Concrete Example: A patient with 'metastatic non-small cell lung cancer' and an 'EGFR mutation' might be eligible for a trial recruiting 'advanced solid tumors' with specific genetic profiles. Standard keyword search misses the 'solid tumor' semantic connection, while proprietary LLMs raise privacy concerns. TrialMatchAI normalizes these entities and uses chain-of-thought reasoning to verify the genetic match locally.

Key Novelty

Privacy-First Modular RAG for Clinical Matching

Deconstructs the matching process into a local pipeline: Entity Normalization → Hybrid Retrieval → LLM Re-ranking → Chain-of-Thought Reasoning
Replaces massive proprietary models with smaller, fine-tuned open-source models (Gemma-2-2B, Phi-4) optimized for biomedical reasoning
Uses Phenopackets standardization to ingest heterogeneous patient data (structured records and unstructured notes) into a unified format

Architecture

The end-to-end workflow of TrialMatchAI, detailing the four processing levels from data ingestion to final ranking.

Evaluation Highlights

92.3% of real-world cancer patients (WIDE cohort) had at least one relevant trial retrieved within the top 20 recommendations
Achieved >90% recall on synthetic benchmarks (TREC 2021/2022) while retrieving only 3% of the total trial pool (approx. 500 documents)
Expert evaluation validated >90% accuracy in criterion-level eligibility classification using the fine-tuned reasoning model

Breakthrough Assessment

8/10

Strong contribution to privacy-preserving healthcare AI. It matches the performance of proprietary systems (like TrialGPT) using open-source models manageable in clinical settings, addressing a critical deployment barrier.

⚙️ Technical Details

Problem Definition

Setting: Rank a corpus of clinical trials T for a specific patient profile P based on eligibility criteria

Inputs: Patient data (unstructured notes + structured demographics) and Clinical Trial metadata (inclusion/exclusion criteria)
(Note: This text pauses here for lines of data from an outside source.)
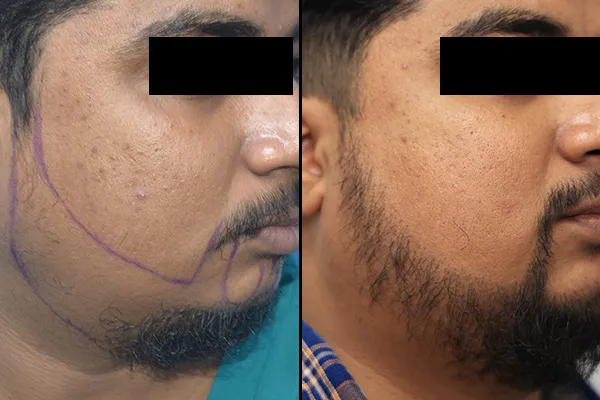Hair Transplant Treatment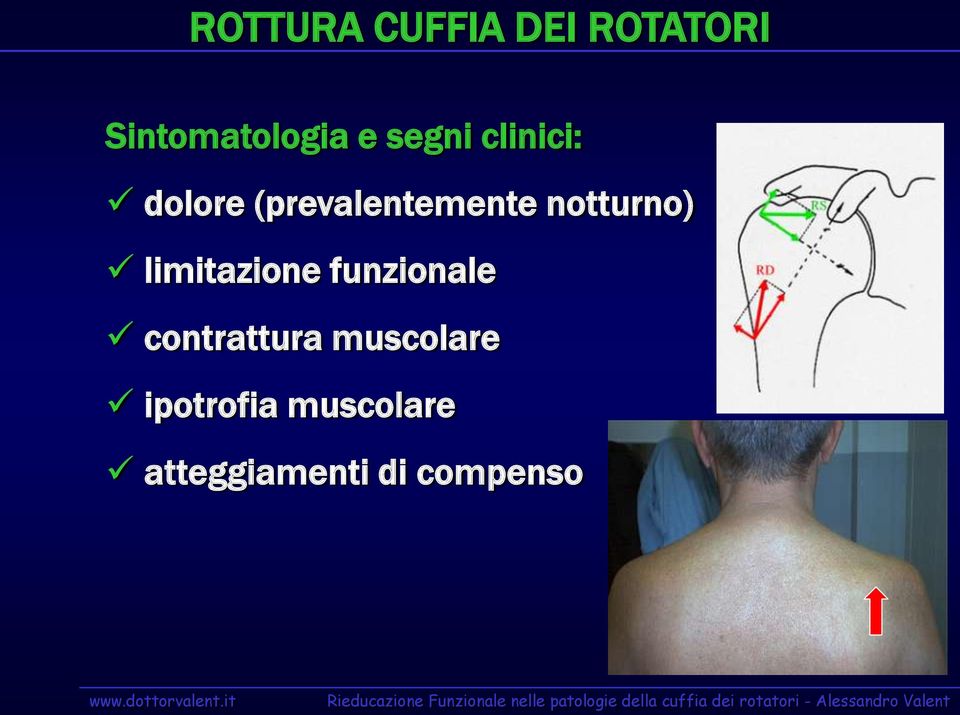 notturno) limitazione funzionale contrattura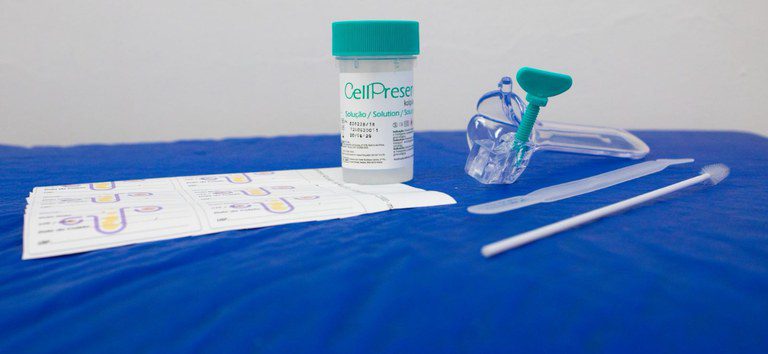 Saúde implementa teste de DNA-HPV no combate ao câncer de colo de útero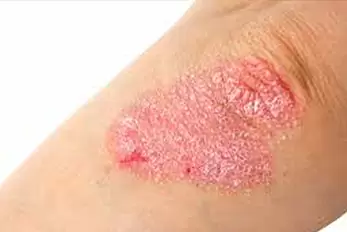 psoríase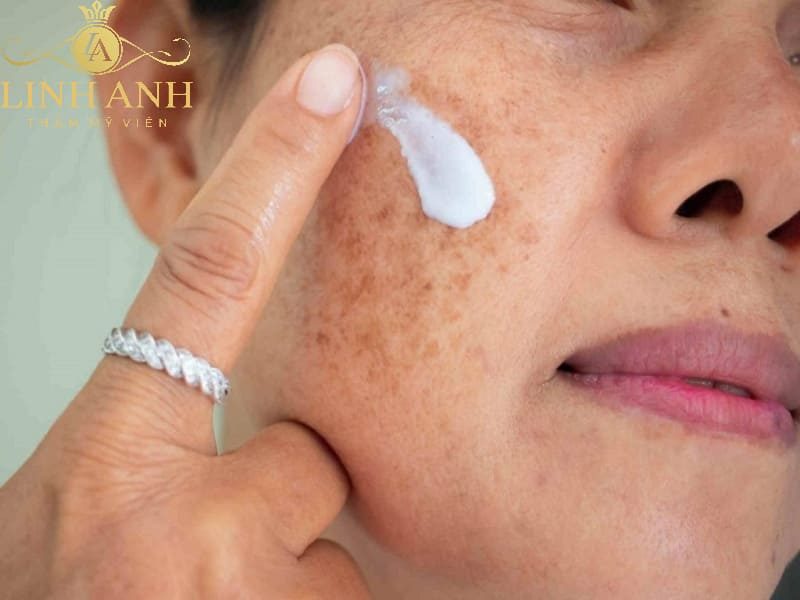cách trị tàn nhang bằng kem đánh răng trị tàn nhang bằng kem đánh răng có hiệu quả không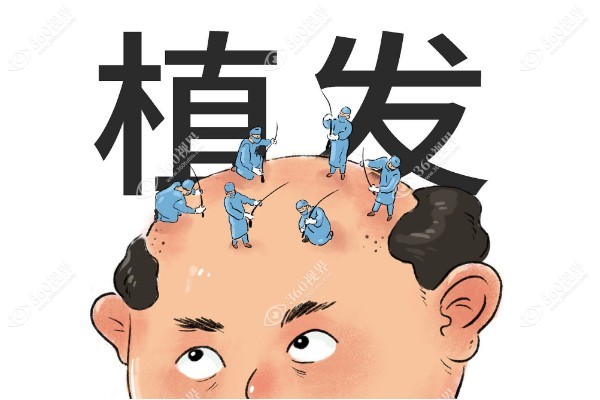 国内植发医院哪个好.jpg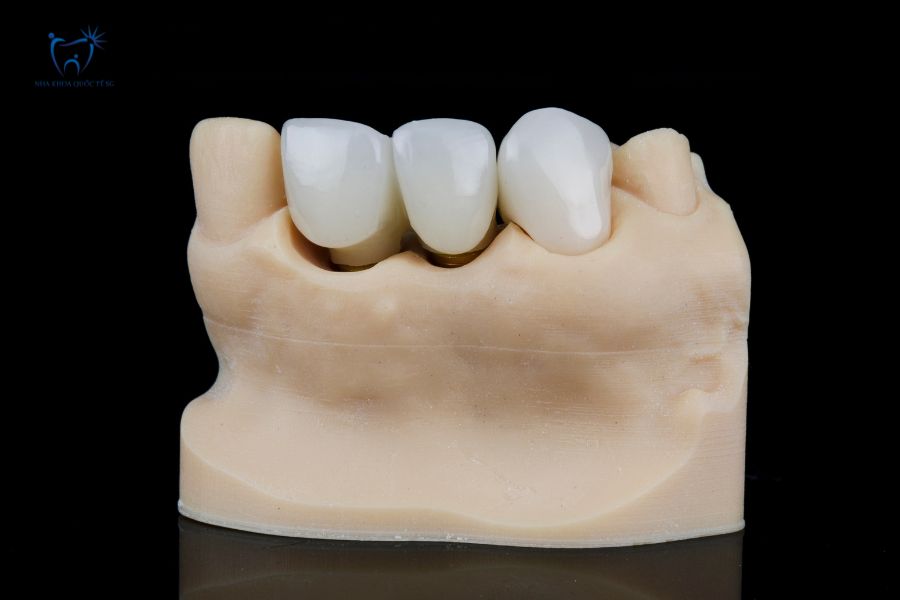 Mô hình cầu răng sứ trên hàm giả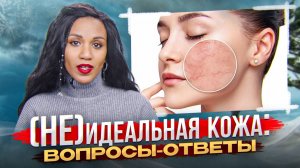 не(ИДЕАЛЬНАЯ) КОЖА: поры, купероз, чувствительность, жирность, сухость, пигментация // ВОПРОС-ОТВЕТ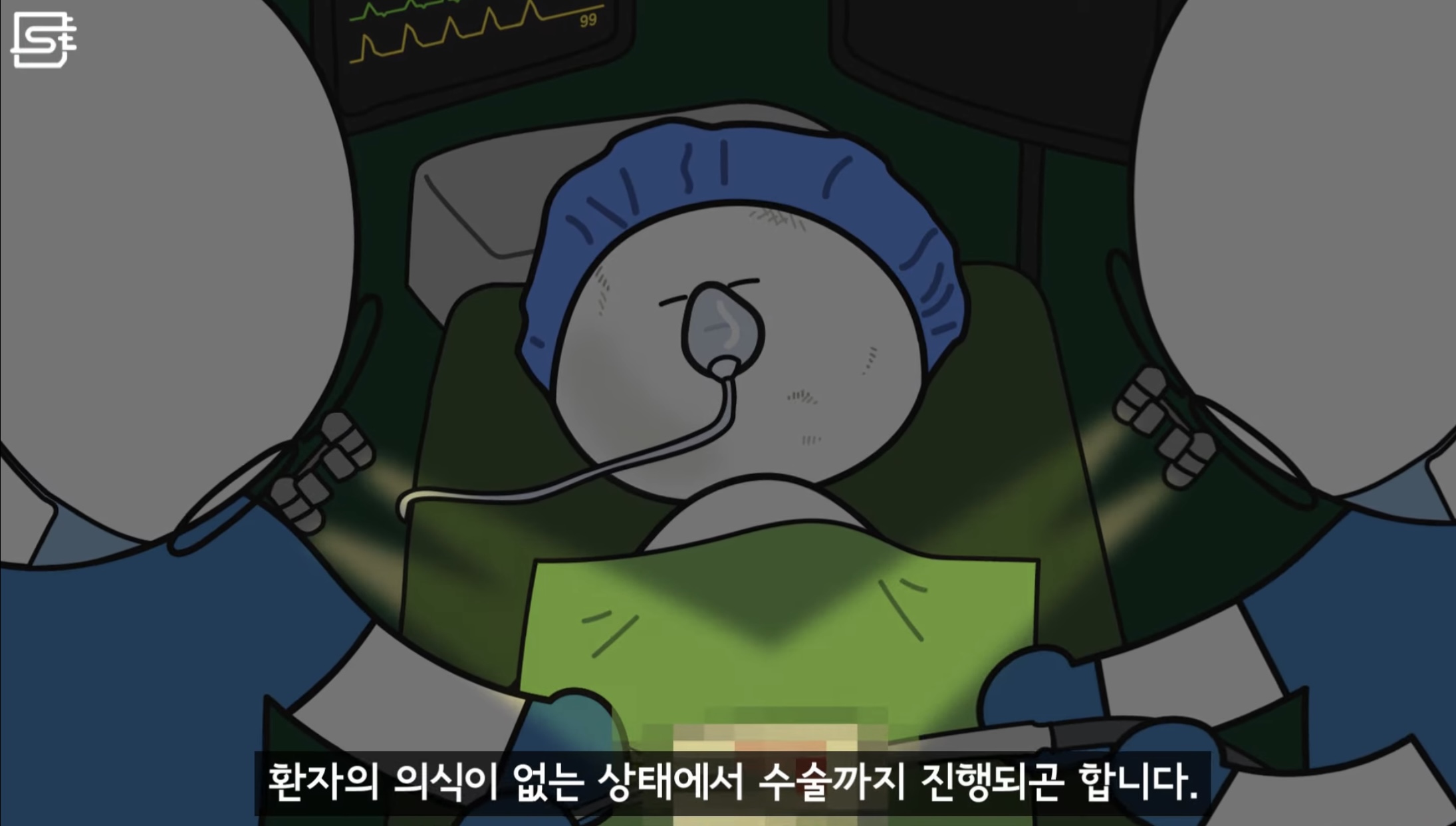 렌즈 낀 상태에서 기절해 병원에 실려오면 어떻게 될까?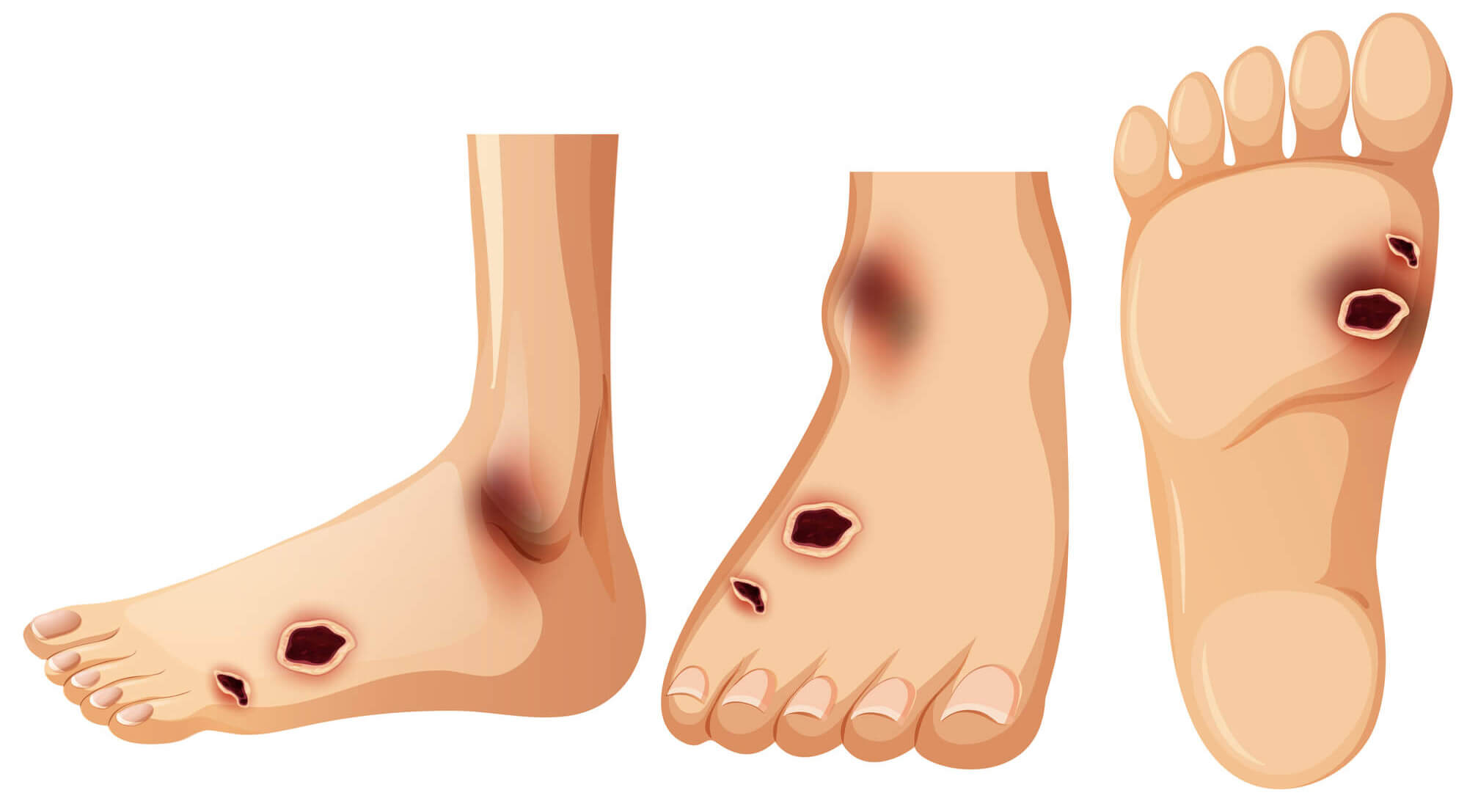 Diabetic feet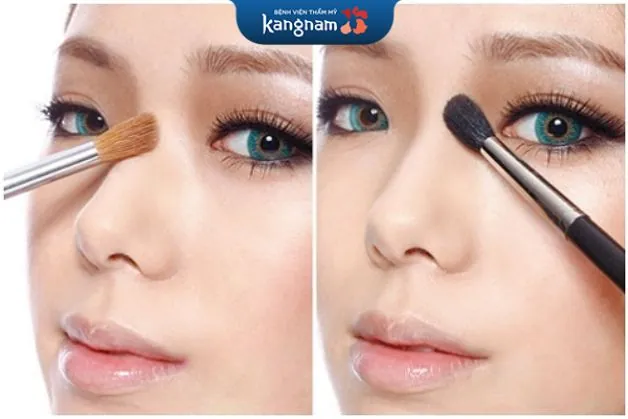 Mũi to bè cũng được hô biến thành sống mũi cao tây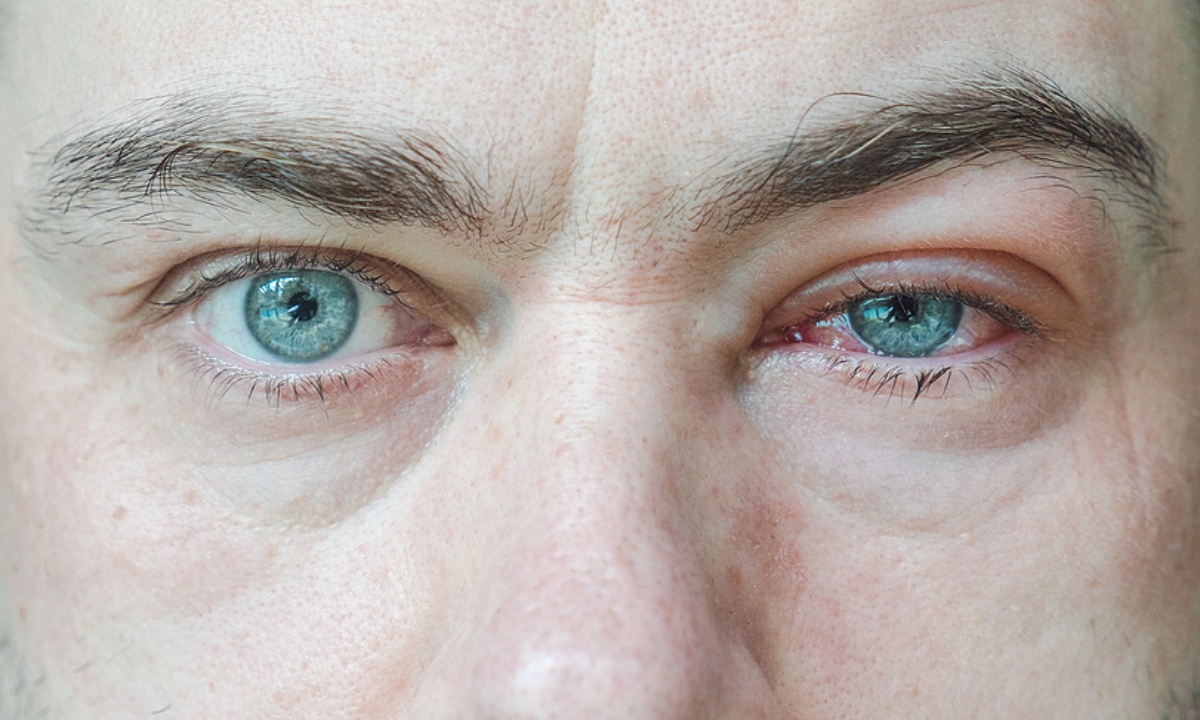 Πρήξιμο ματιών: Πού μπορεί να οφείλεται (εικόνες)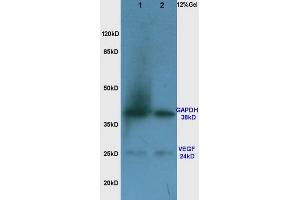 SDS-PAGE (SDS) image for anti-Vascular Endothelial Growth Factor (VEGF) antibody (ABIN674829)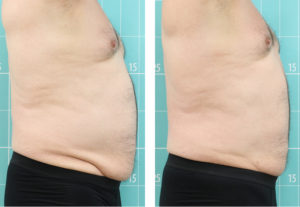 TERMOSALUD_ANTESYDESPUES (4)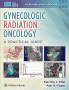 Gynecologic Radiation Oncology: A Practical Guide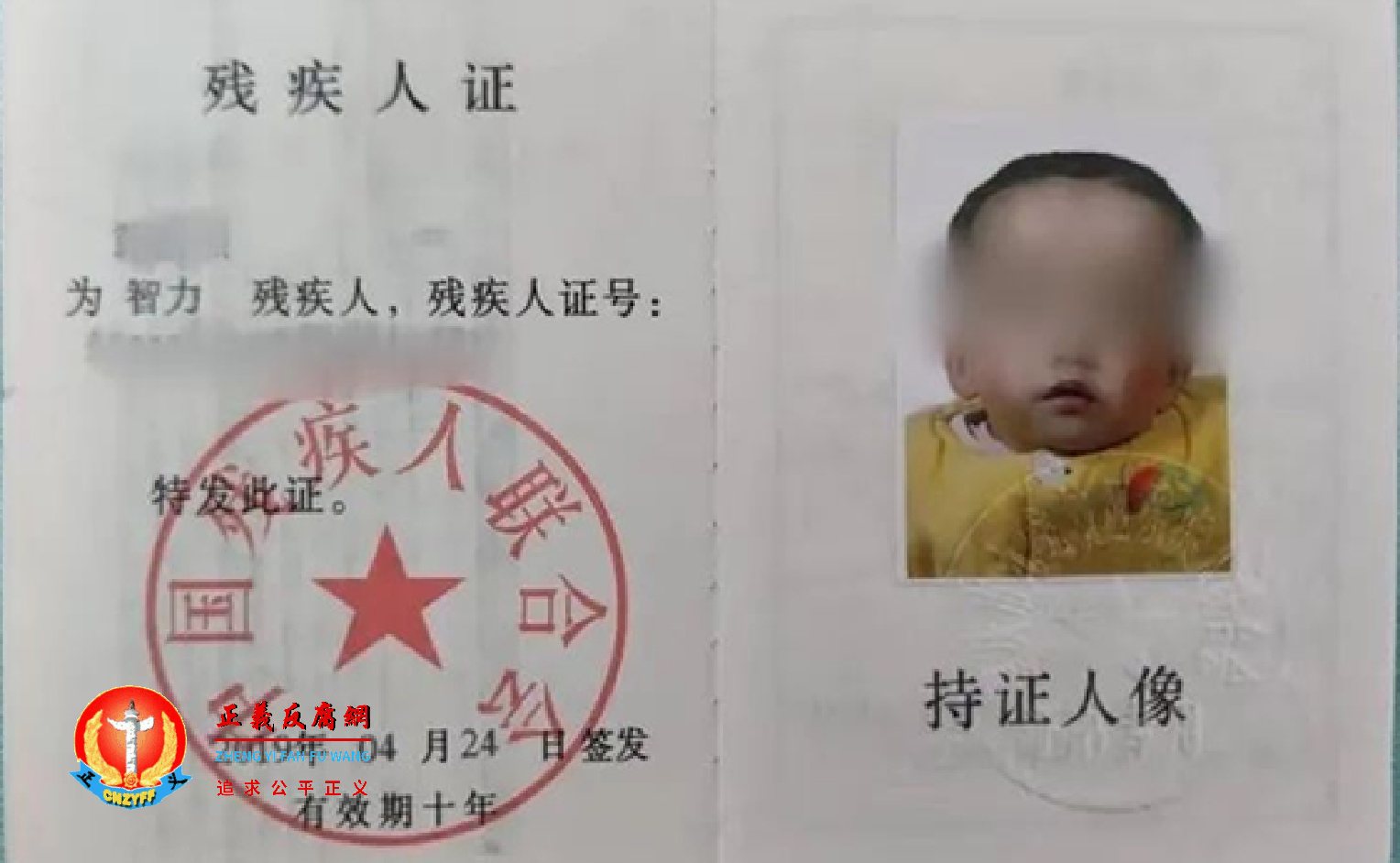 重庆居民黄先生的女儿被鉴定为智力二级残疾.png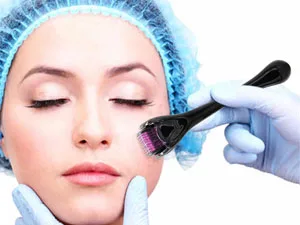 Inge Derma Roller | Derma Roller | 0.5mm 540 Titanium Needle Roller - dermaroller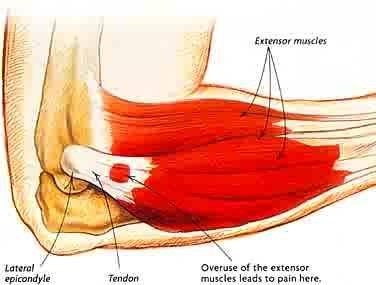 What is Tennis Elbow Injury, Causes, and Treatment?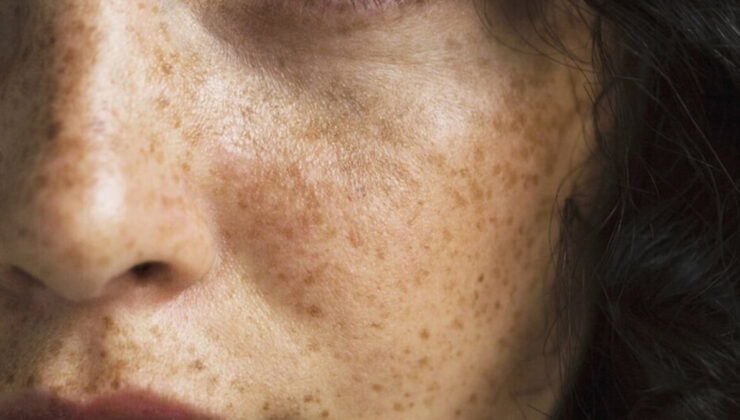 Güneş lekelerine İbn-i Sina yolu: Silgi üzere siliyor…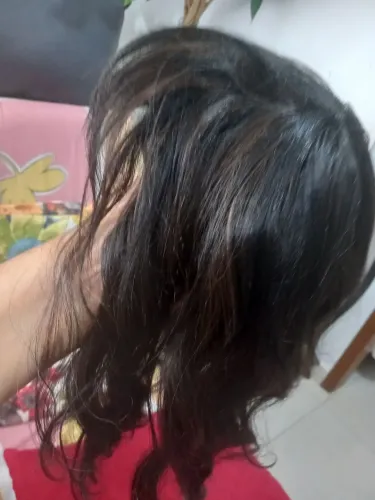 Topo capilar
Outputs: Ranked list of eligible trials with criterion-level explanations (Met/Not Met)

Pipeline Flow

Group: Ingestion (NER + Normalization)
Group: Retrieval (Hybrid Search)
Group: Reasoning (Re-ranking + CoT Classification)

System Modules

Entity Extractor

Extract clinical entities (diseases, genes, treatments) from patient notes and trial criteria

Model or implementation: BioBERT, RoBERTa-large, GLiNER (fine-tuned)

Hybrid Retriever

Retrieve broad set of candidate trials using lexical and semantic matching

Model or implementation: Elasticsearch (BM25) + BGE-M3 (Vector Embeddings)

Re-Ranker (Reasoning)

Prioritize trials based on criterion-level relevance to patient

Model or implementation: Gemma-2-2B (fine-tuned)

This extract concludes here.